Grace
Grace
Grace
Grace
Grace
The word sits in front of my work desk, pushing me to offer myself the grace that I extend others. Already the day heats up. News from Liz’s choir director, sad my gifted singer is opting for swimming instead of the stress of a large group choir. Minutes later the editor who is reading my book says she can’t look at it again until September, or that she hopes she can look at it then? All the while I hear my seltzer water fizz and the spitting that goes along with m y daughter brushing her teeth. While my 6 deadlines sing on repeat in the back of my brain.
I woke this morning and my hands and forearms hurt from my gardening session. How I keep pulling weeds and plants past their blooming out of the dry giving ground. Always gardening saves me from my thinking, plants me in my grief and gives me a shovel to dig in deep. You say everything is changing, says the ground, well let me give you some change. I’ll give you some morning glories that never give up their roots, raspberry plants brown past their prime, scratches and soreness and a thorough platter of heat.

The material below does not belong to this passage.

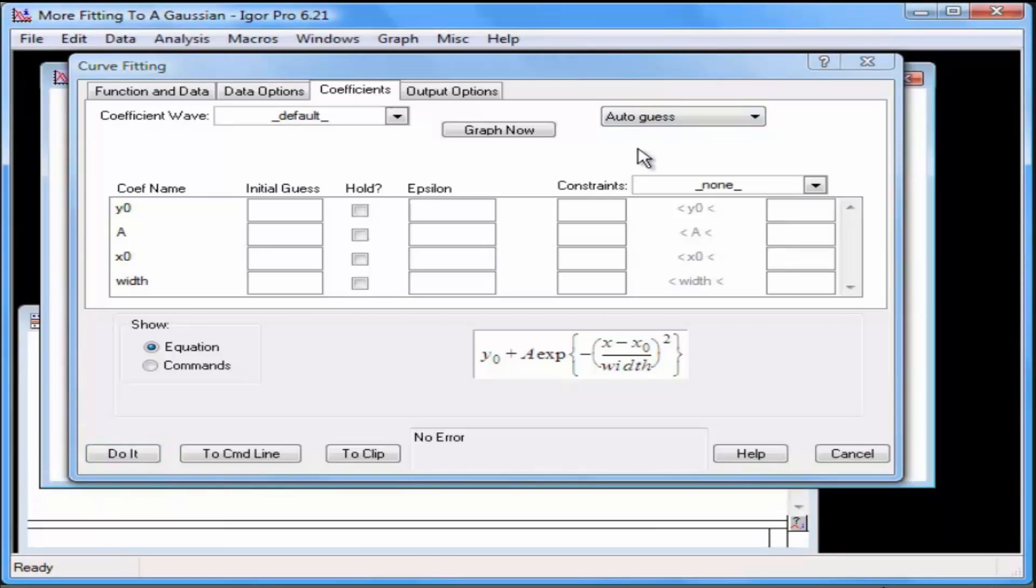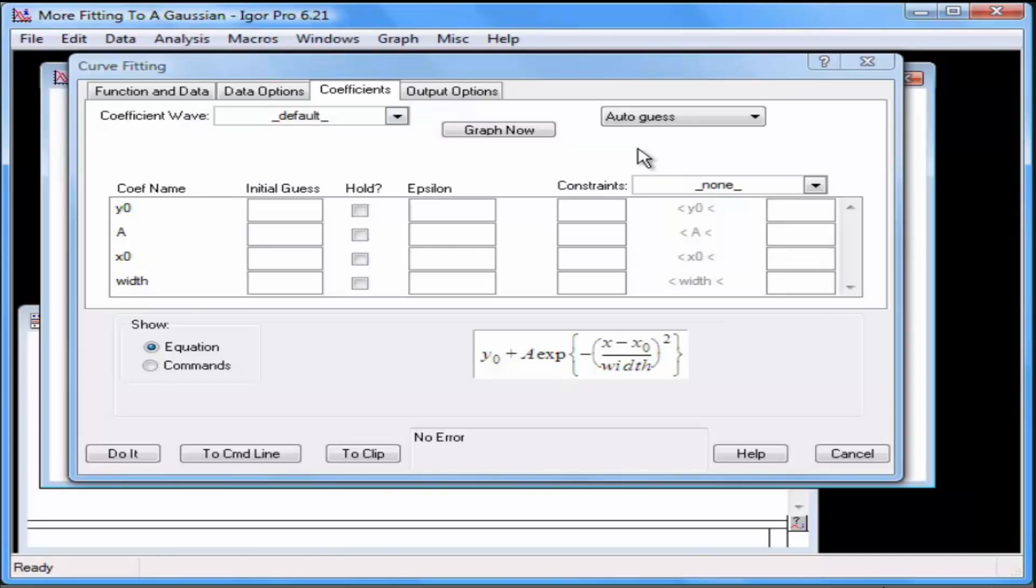When you know that your data conforms to one of Igor's standard models, the Auto Guess option will usually provide good initial guesses for the model's parameters. If you have a good estimate of what the parameters should be, you can select Manual Guess from the pop-up menu and then enter the initial estimates next to each coefficient.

I am soaked through with sun and relieved to be working.
Can I give myself enough grace to fully grieve the changing seasons, even if the phrase changing seasons is a cliché? When I text my friend that I feel like I’m a cliché letting go of my young adult daughter with a bath of tears, she writes that she thinks clichés are cliché because they’re true.
There is nothing more true than my body in motion, tearing up the raspberry plants until I am covered in July’s dust. The garden gives me grace. I take it in.